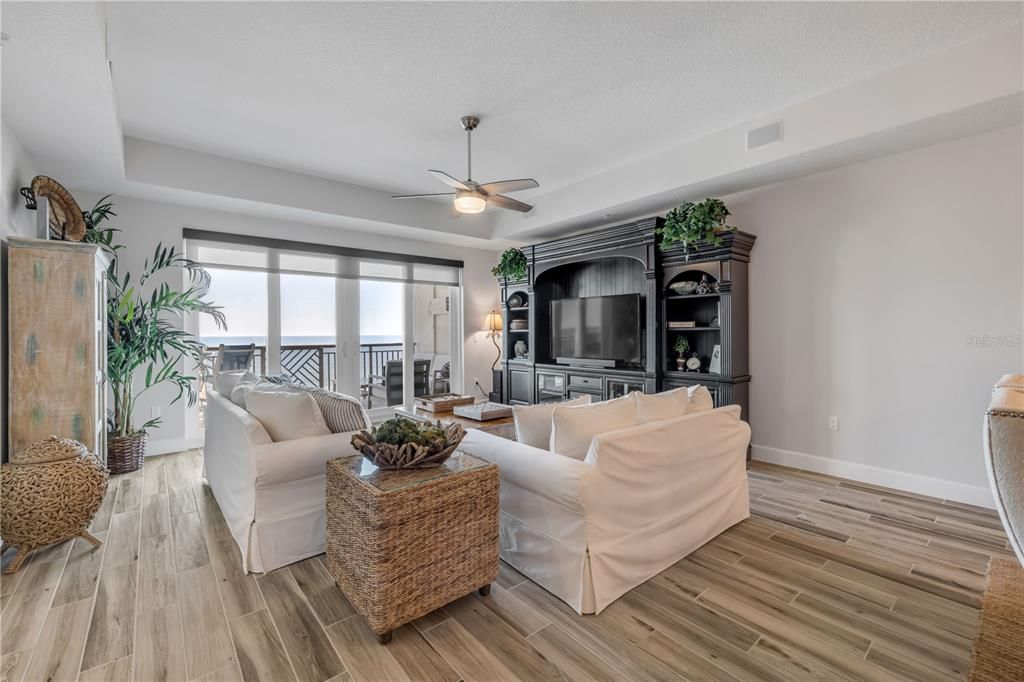 For Sale: $1,895,000 (3 beds, 3 baths, 2011 Square Feet)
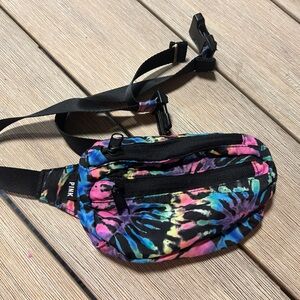 Victoria’s Secret bet bag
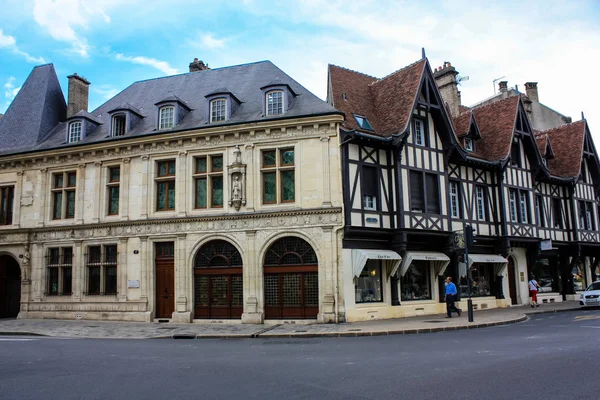 Реймс Франції Липня 2018 Зору Традиційної Історичні Будівлі Розі Вулиці — стокове фото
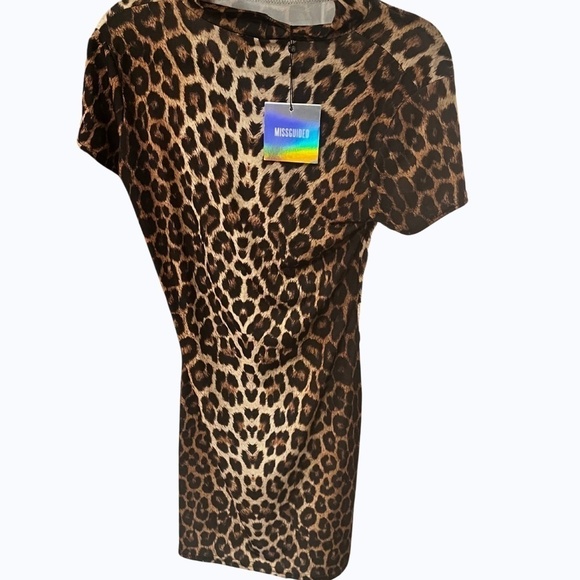 MISSGUIDED CAP SLEEVE DRESS - Picture 2 of 2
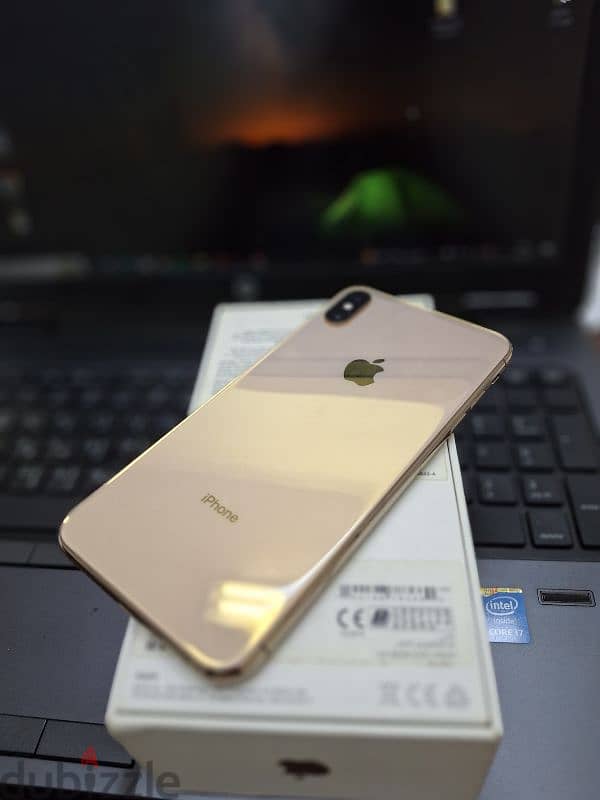 iphone xs max 4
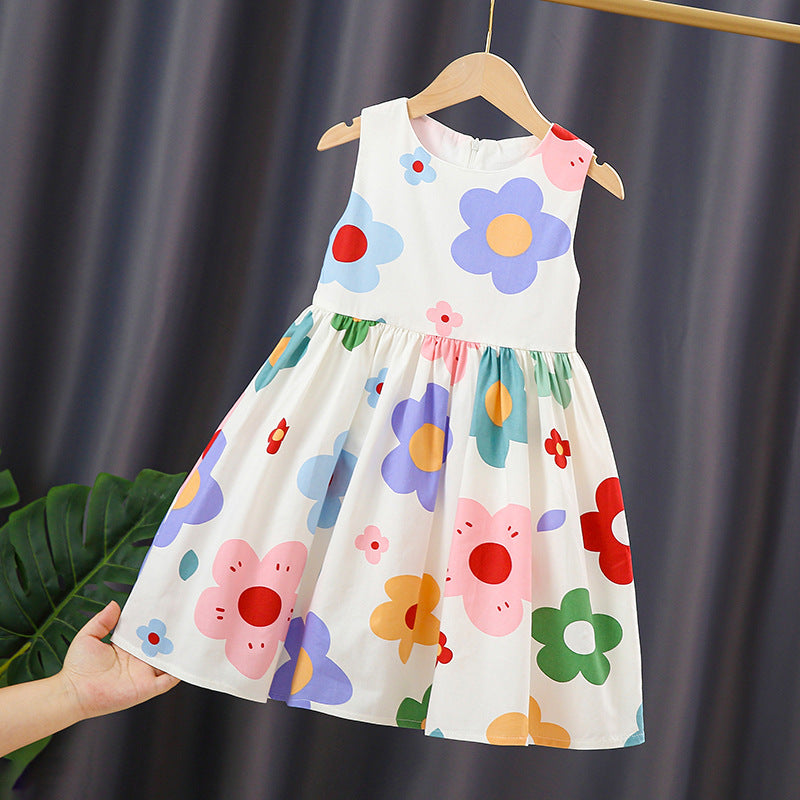 Mädchen Sommerkleid mit buntem Blumenmuster Echo Archiv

⁂

WORK INSTRUCTION
Take the line containing "iphone xs max 4" and all lines after it to the end of the data above, and reproduce them exactly, leaving out pictures. Nothing else belongs in the copy.

TASK RESPONSE
 iphone xs max 4
 Mädchen Sommerkleid mit buntem Blumenmuster Echo Archiv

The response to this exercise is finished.